What is the solution of this quadratic function

Question

$$iz^2 − 2 \sqrt{2}z − 2 \sqrt{3} = 0,\qquad z \in \mathbb{C}$$

I'm new to this site, i'm really thankful for your help

Answer 1

$$iz^2-2\sqrt{2}z-2\sqrt{3}=0\Longleftrightarrow$$ $$z=\frac{-\left(-2\sqrt{2}\right)\pm\sqrt{\left(-2\sqrt{2}\right)^2-4\cdot i\cdot\left(-2\sqrt{3}\right)}}{2\cdot i}$$

Simplify it and you'll get the roots!

Answer 2

You calculate as for any quadratic equation.
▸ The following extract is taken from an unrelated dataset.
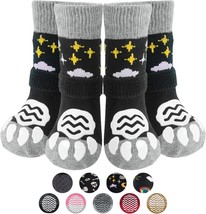 PUPTECK Anti Slip Dog Socks 2 Pairs with Double Grippers for - £13.04 GBP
First simplify it multiplying it by $-\mathrm i$, and get $$z^2+2\sqrt2\mathrm i z+2\sqrt3\mathrm i=0.$$ Now the reduced discriminant is $$\Delta'=(\sqrt2\mathrm i)^2-2\sqrt3\mathrm i=-2(1+\mathrm i\sqrt3)=4\mathrm e^{-\tfrac{2\mathrm i\pi}{3}},\quad\text{whence}\quad\sqrt{\Delta'}=\pm2e^{-\tfrac{\mathrm i\pi}{3}},$$ and the resolution formulae yield $$z=-\sqrt2\mathrm i \pm2e^{-\tfrac{\mathrm i\pi}{3}}.$$ There remains to simplify the results.

Answer 3

Ill continue further on Jan's part.$z=\frac{2\sqrt{2}\pm\sqrt{8+8\sqrt{3}i}}{2i}$ so now we will have to find root of the equation under root.let us assume $\sqrt{8+8\sqrt{3}i}=a+bi$ squaring and comparing real and imaginary part $a^2-b^2=8,2ab=8\sqrt{3}$ so now solving for $a,b$ we get $b=\pm2$ and hence $a=\pm2\sqrt{3}$ so equation becomes $z=\frac{2\sqrt{2}\pm{2\sqrt{3}+2i}}{2i}$ remove out $2$ and multiply and divide by $i$ you get $z=\frac{\sqrt{2}i\pm(\sqrt{3}i-2)}{-1}$ and that are the roots please check my algebra if mistaken but hope you get the method.